5 Tips for Setting Workplace Boundaries
Do you check your office email out of hours? Are you available on Slack 24/7? Are you saying “yes” to every project proposed to you, even if you’re already feeling like you’ve got your hands full? If you answered yes to the above, then you’re likely experiencing the stress that a lack of boundaries at work can provide. It’s something women in business are often guilty of!
According to successful author Doreen Virtue, “Boundaries are a part of self-care. They are healthy, normal and necessary.” In the workplace, this holds especially true. Let’s delve into that below, with five tips for setting workplace boundaries, so you can become more successful by working smarter, not harder.
Get Personal to be Professional
Before you can start to set professional boundaries, you need to assess your personal situation. What are your values and life priorities? Are there events that you’ve been missing out on, or hobbies you’ve been neglecting? Consider your home life, passions, and relationships, and what they’re lacking. What do they need to feel fulfilled?
Consider your personal space as well. Have you had enough time for yourself? Take these thoughts into consideration and use them to create a plan. By creating a concrete plan, you’ll be able to better set boundaries at work, because you’ll know why you’re setting them.
As Robbin Jorgensen, founder of Women Igniting Change, says, “If you don’t set personal boundaries, then others get to decide how they treat you.”
Communicate your Limits
Once you’ve identified your personal boundaries, solidify those limits in your workplace by communicating them to your team. Let others know, for example, that you won’t be available to respond at all hours! Instead, you can give them a specific time frame during which they can contact you, and/or expect a response.

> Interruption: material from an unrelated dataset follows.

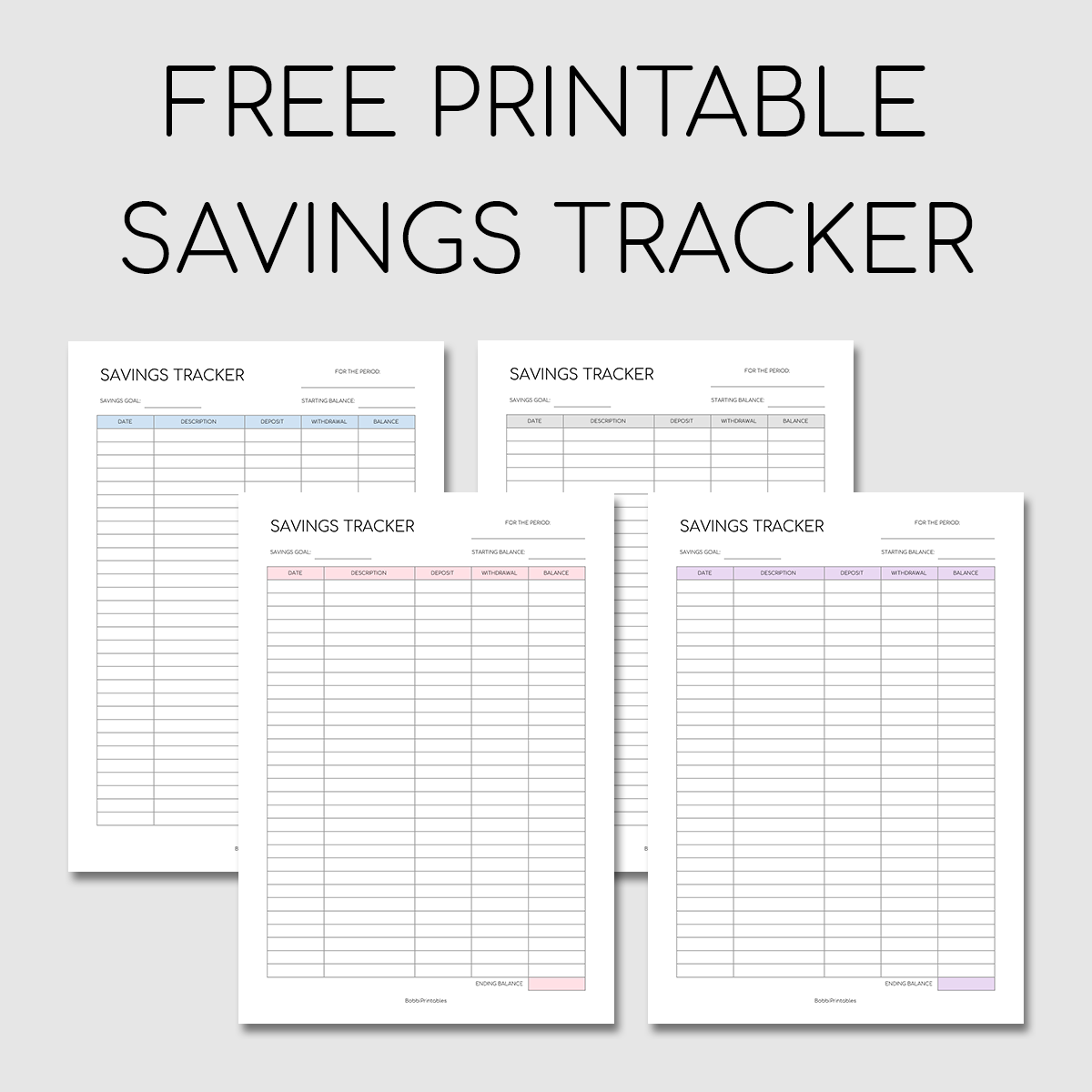 Free Printable Saving Tracker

It is also important to let your team know what to do in case of an emergency… and clarify what type of thing constitutes an emergency too! It may feel strange defining something you already consider common sense, but people differ in their understandings and experiences. By clearly defining something—whether that be limits or emergencies—you ensure that everyone will be on the same page.
Get Comfortable with “No”
Many women in the workplace want to be seen as ‘nice’, ‘agreeable’, and ‘easy to work with’. This can often result in women saying yes to every project that comes their way though, even when, upon reflection, they later wish they’d said no.
Yet saying no is easier said than done, especially in professional settings… so let’s explore how to do that, feasibly.
Firstly, we can work our way up to the big “no”. If you’re used to saying “yes” to everything, it may feel difficult to switch that straight to a “no”. Instead, say “let me think about it.” Megan Bruneau, mental health therapist and host of Forbes’ The Failure Factor, says in her article on how to say no, that by pausing, you can consider the request, whether it will serve you, and whether you have the time or capacity for it.
From there, you can build your way up to saying “no”, with an explanation. “No, I can’t do the project, I’m currently working on X.” Whilst you aren’t obligated to explain yourself, it can help you feel like you’re softening the blow.
When you’re used to that, follow the advice of Anne Lamont, successful American novelist, “No is a complete sentence.”
If that doesn’t feel comfortable, you might prefer to use our next tip: saying no and delegating.
Delegate when Appropriate
An important part of setting workplace boundaries is understanding what is in the scope of your abilities, and what simply isn’t. In the past, you may have taken on a project that took up a lot of your personal time.
Now, when presented with the project, you can choose to follow the above tips – or you can choose to pair them with delegation. By delegating the work to someone more suited, or with more capacity, you’re learning to play to the strengths of your team.
Prepare to Hold your Ground
Part of setting healthy boundaries is preparing for when people inevitably try to cross them. If others have become accustomed to treating you a certain way, habits may have formed that take some time to unlearn… especially if crossing your boundaries serves them!
If you set boundaries and they aren’t respected, take it as a sign that your boundaries are working! Use those experiences to reinforce your boundaries once more, because each time you do, they become stronger and clearer. Don’t let pushback force you to take a step backwards too, because the saying “give an inch and they will take a mile” is all too familiar in the realm of boundary setting.
As Coco Chanel said, “The most courageous act is to think for yourself. Aloud.” By setting boundaries and communicating them, even in difficult situations, you will become happier, more productive, and ultimately, more successful.